こんにちは。LIFULLでiOSアプリケーションの開発を担当している山手です。
LIFULL HOME'S iOSアプリは2009年12月にリリースされて以来、約12年ほどサービスを継続しておりプロジェクト規模は年々大きくなっています。
新機能導入や既存機能の改修などを重ねるにつれてアプリのビルド時間が延び、 エンジニアの作業時間が圧迫、開発効率が下ってしまい満足した状態で開発を行うことが難しくなります。 そんな状況を回避すべく、自動化して任せられる部分は任せてエンジニアは開発に専念できる環境を作るために、CI/CDサービスのBitriseを2018年6月頃から導入し約3年ほど利用しています。
今回は、規模の大きくなったLIFULL HOME'S iOSアプリでBitriseを利用する際に直面した問題や事例などをご紹介致します。
Bitriseとは
Bitriseはモバイルアプリ開発に特化したCI/CDプラットフォームを提供してくれるサービスです。 ビルドの一連の流れを「ワークフロー」という形で作成できます。

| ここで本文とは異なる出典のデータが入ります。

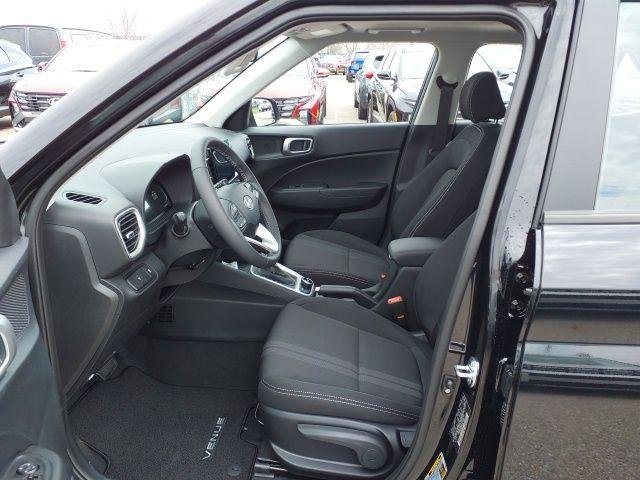 New 2026 Onyx Black Hyundai SEL image 9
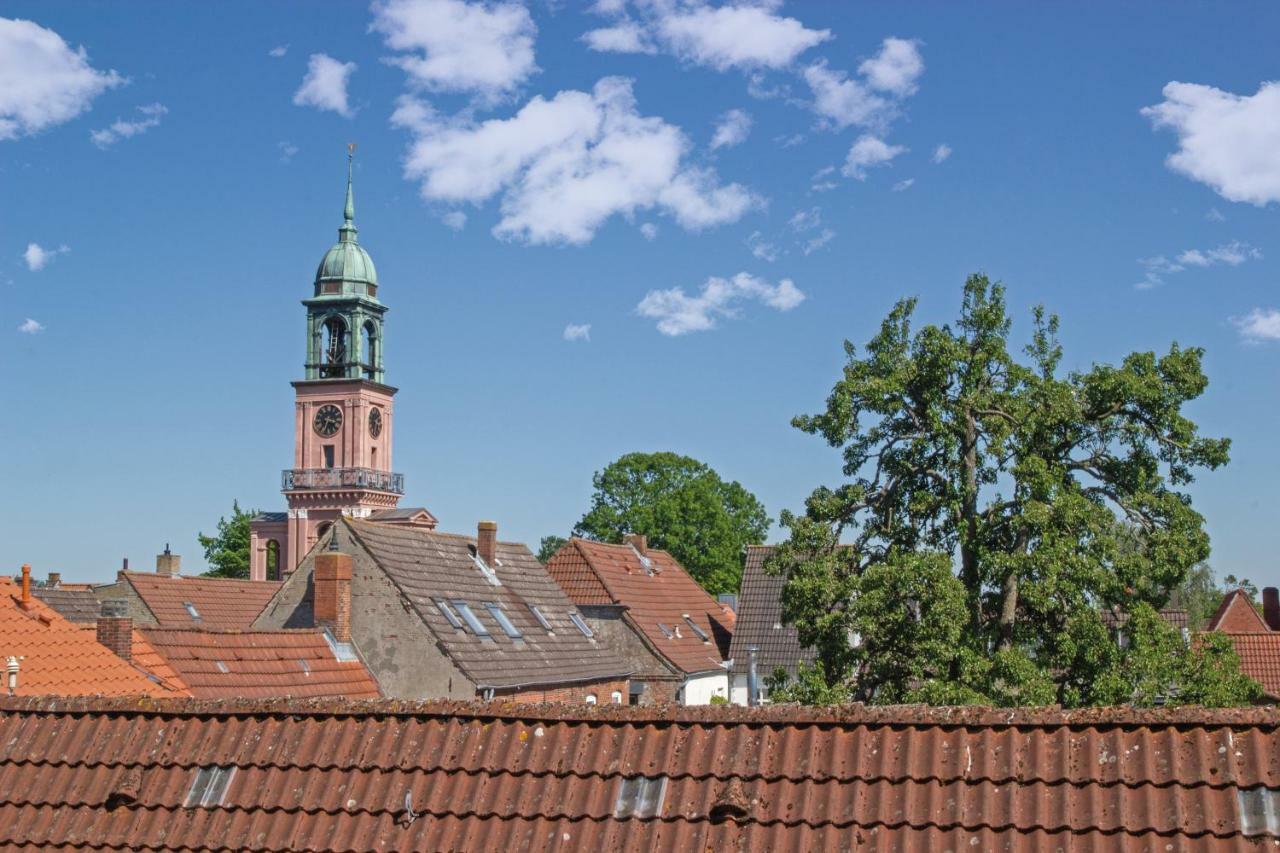 Apartment Zimmer Und Aussicht Friedrichstadt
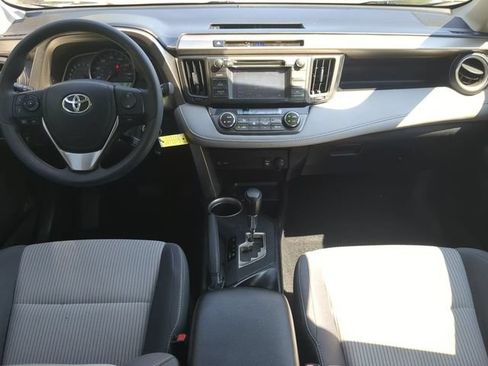Used 2013 Toyota RAV4 XLE AWD/4WD image 14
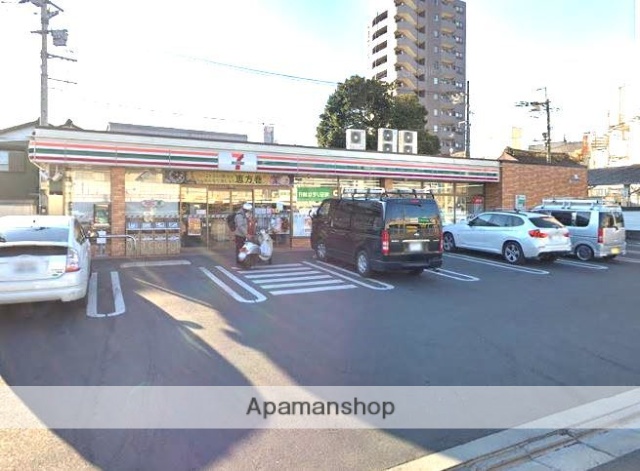 コンビニ　セブンイレブン（コンビニ）まで702m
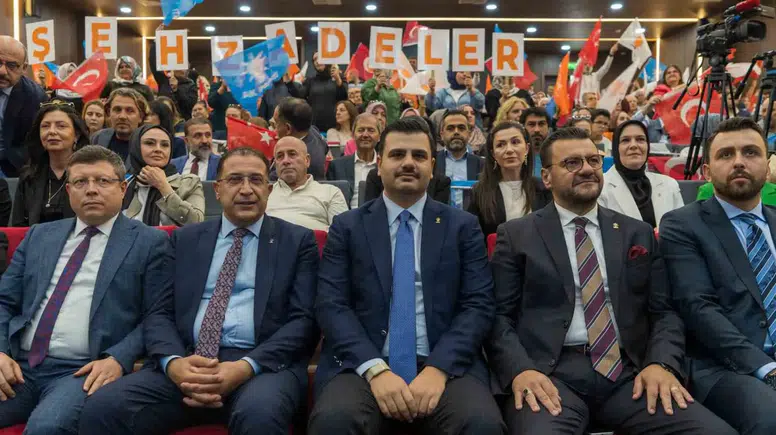 AK Partili İnan’dan Manisa’da zehir zemberek sözler: "Yeni yalanlar partisi"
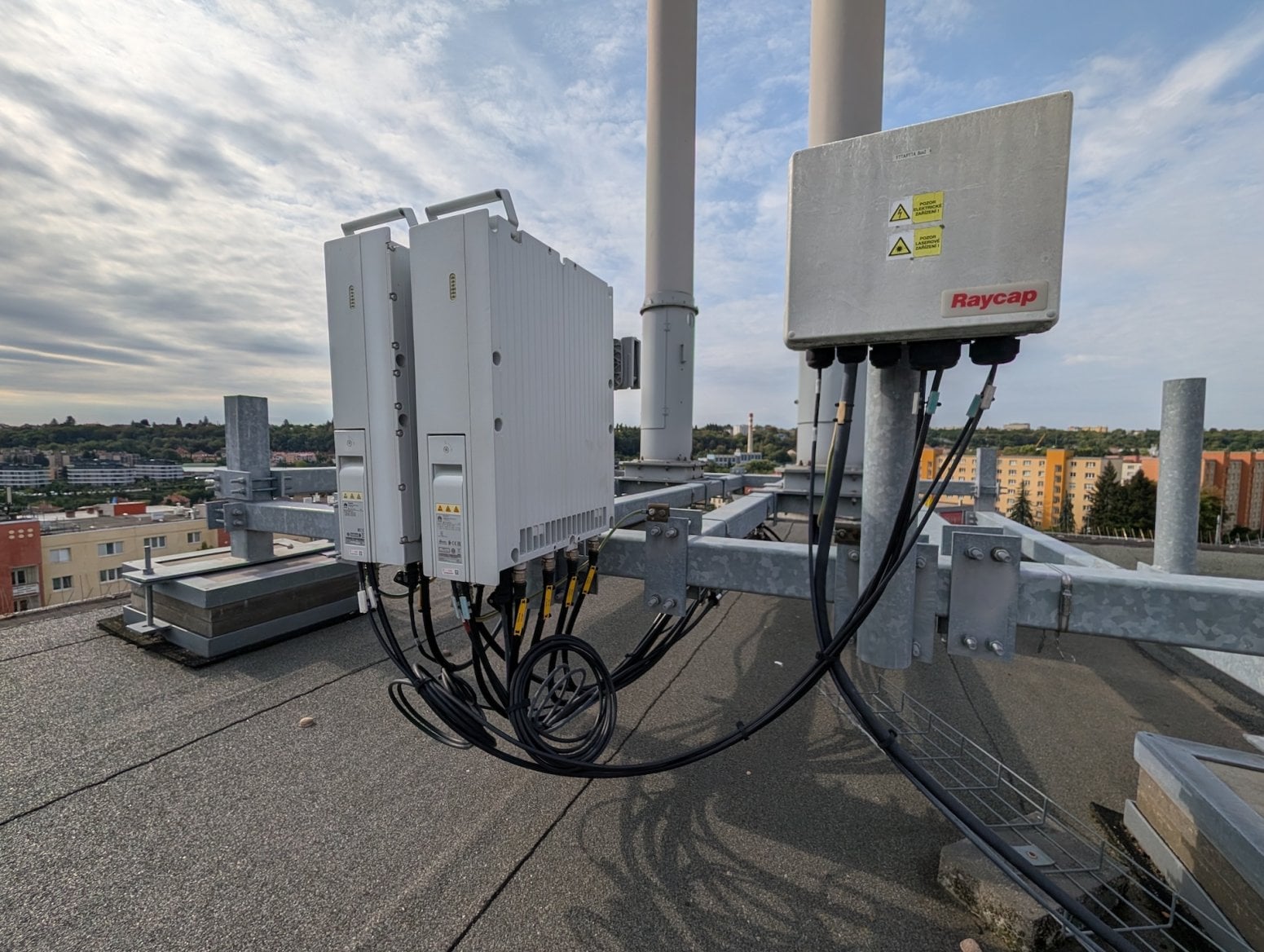 Mobilní 5G vysílač T-Mobilu na ulici Syrská v Praze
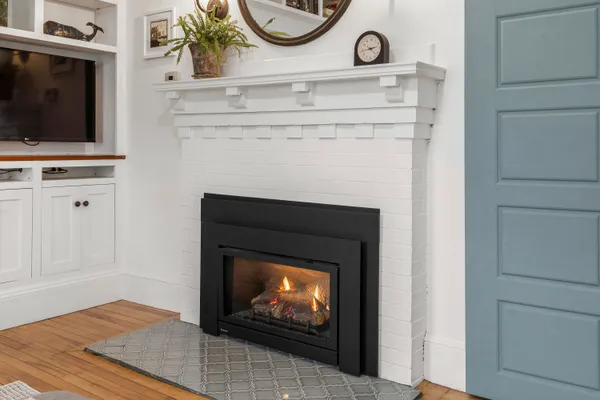 $699,000 | 40 Kenilworth Street, Portland, ME 04102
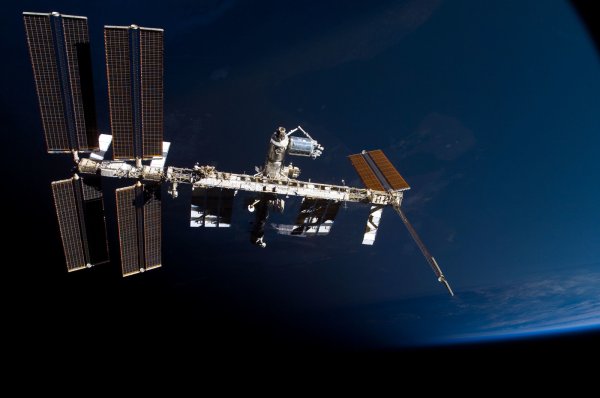 Космос земля Спутник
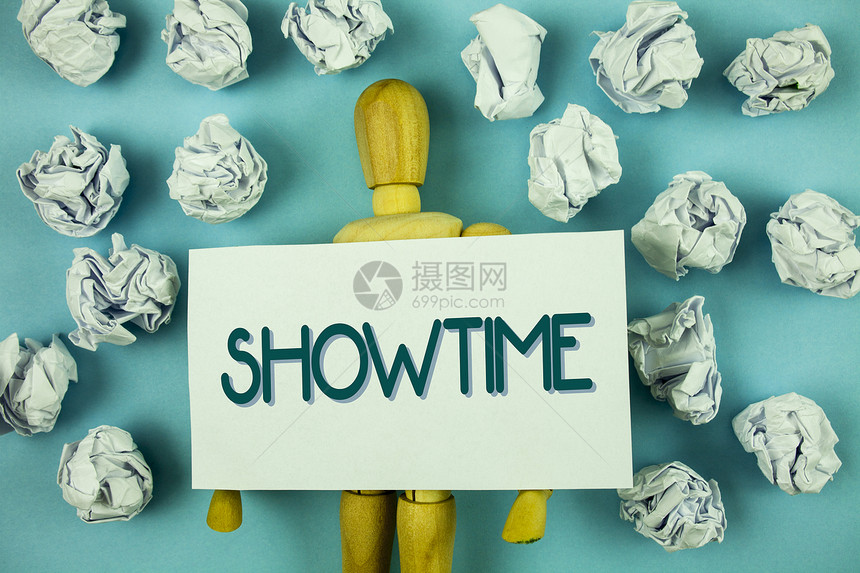 显示Showtime的书写笔记商业照片展示时间播放电影音乐会表演活动计划开始书面粘便条纸纯背图片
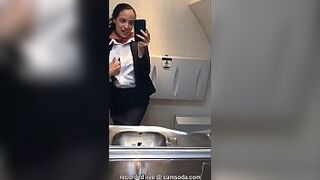 латинка стюардесса присоединяется к мастурбации клуб высотой мили в туалете и кончает - порно видео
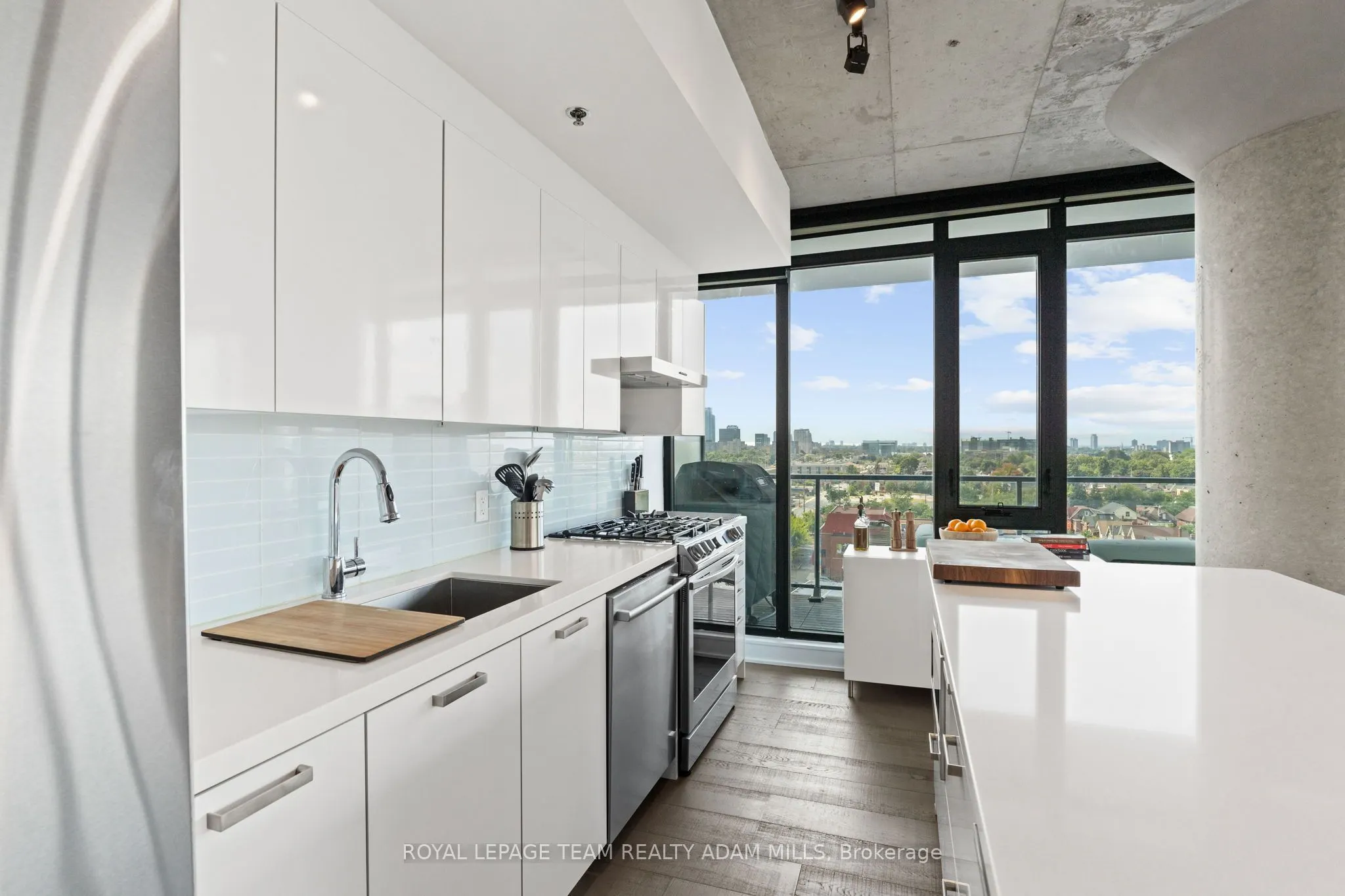 203 CATHERINE Street, #908
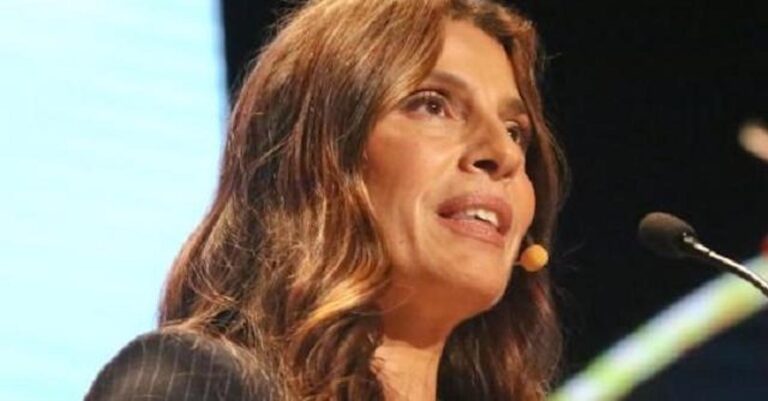 Τσαπανίδου: «Οι προεκλογικές εξαγγελίες Μητσοτάκη στα χνάρια του Μαυρογιαλούρου»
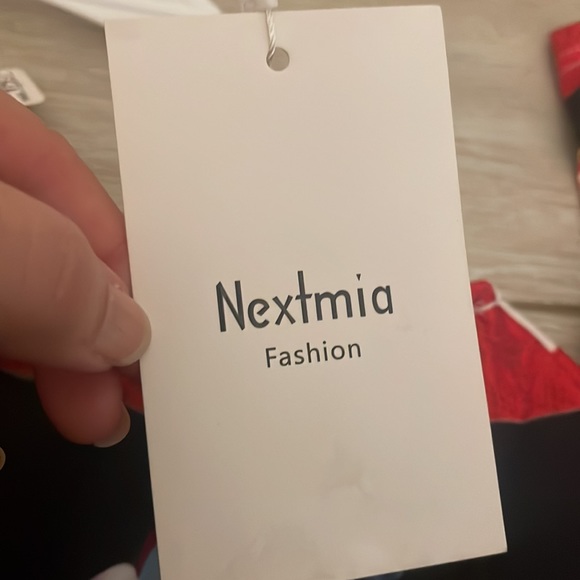 New plus size printed long sleeved t shirt - looks like ugly sweater- lighter - Picture 4 of 4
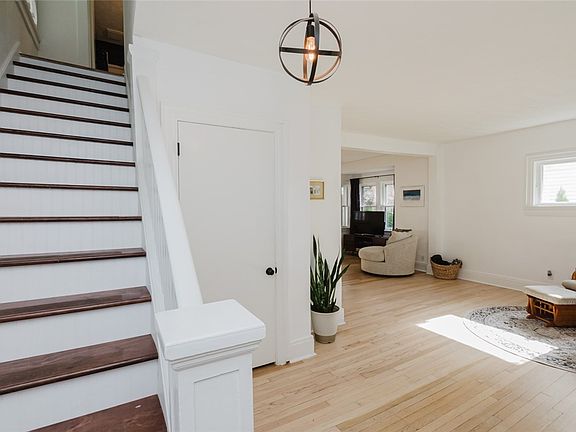 4th image of 1509 Constance Ave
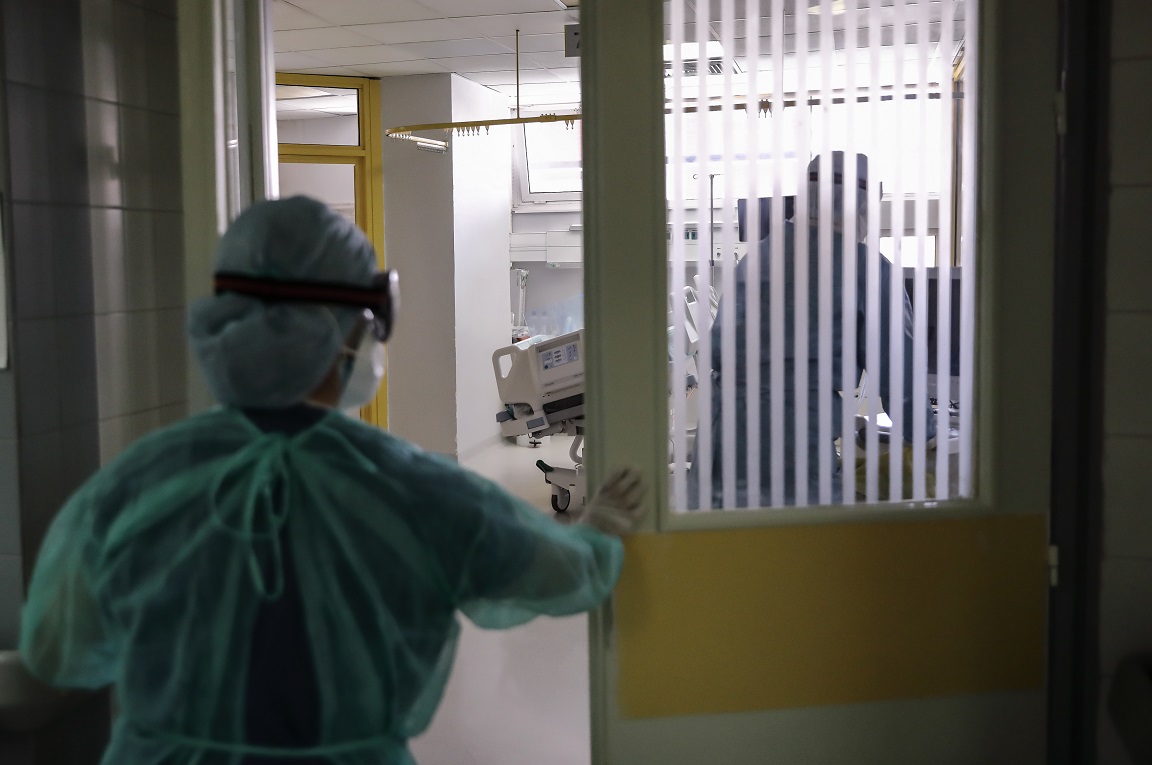 Νοσηλεία και στις ιδιωτικές κλινικές για ασθενείς με κορονοϊό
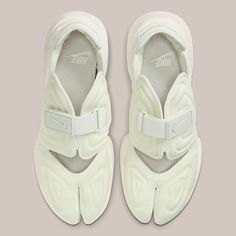 Nike Air Aqua Rift Split Toe Sail White Sandal Shoes Women Size 5 New CW7164-100 | eBay White Sporty Sandals With Arch Support, Spring Nike Comfortable Sandals, Modern Sports Sandals With Round Toe, Flat Sneakers With Arch Support For Summer, Flat Summer Sneakers With Arch Support, White Sport Sandals With Rubber Sole For Spring, Summer Sneakers With Arch Support, Modern Spring Slip-on Sport Sandals, Modern Slip-on Sport Sandals For Spring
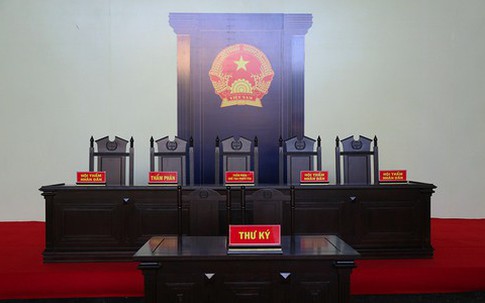 10 năm tù cho kẻ cưỡng bức bé gái ở nghĩa trang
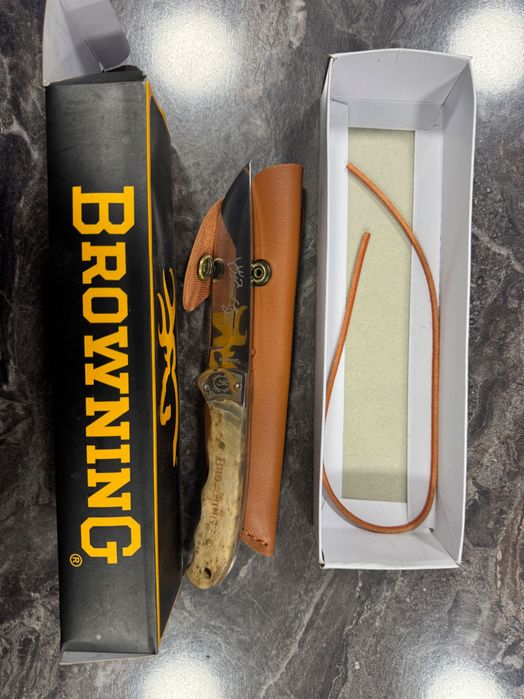 Нож с калъф Browning LN408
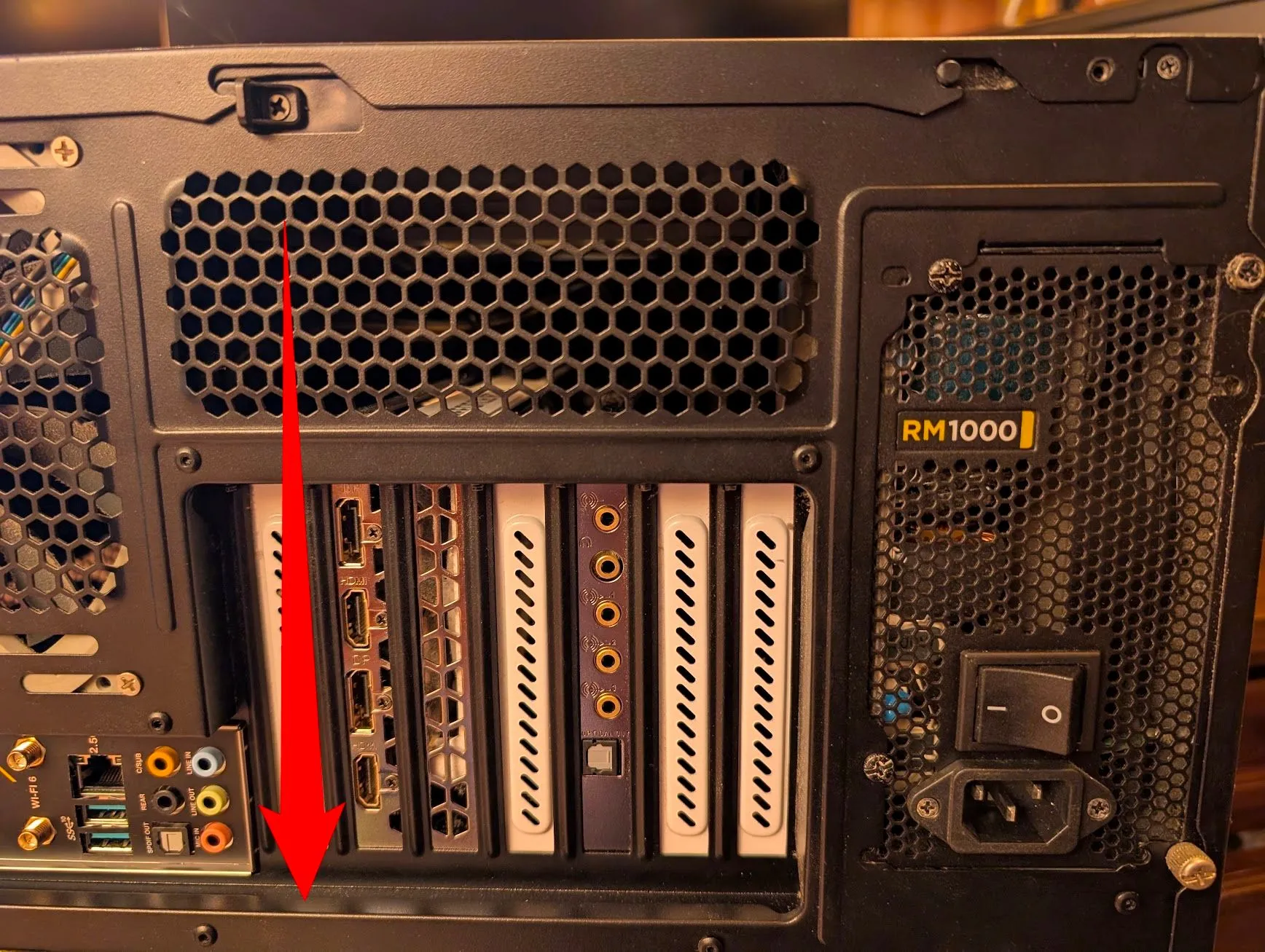 Đặt máy tính nằm ngang với mặt bảng I/O hướng xuống dưới.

作成したワークフローに対してトリガーを設定することで、トリガータイミングで自動的にワークフローが走り始めます。 また、これらの作成はGUI上で設定することができ、簡単にCI/CD環境を構築することができます。
HOME'S iOSアプリにおけるBitrise(CI/CD)の役割
- テスト、及びLint Checkの実行
- Pull Requestを立ち上げたタイミング、またはPRにコードをPushしたタイミングでテストとLint Checkを実施し、結果をPRにコメントします。
- テスト用アプリの作成、及び配布
- テスト用アプリを作成し、インストール用リンク(Bitrise.io)のQRコードをSlackに通知します。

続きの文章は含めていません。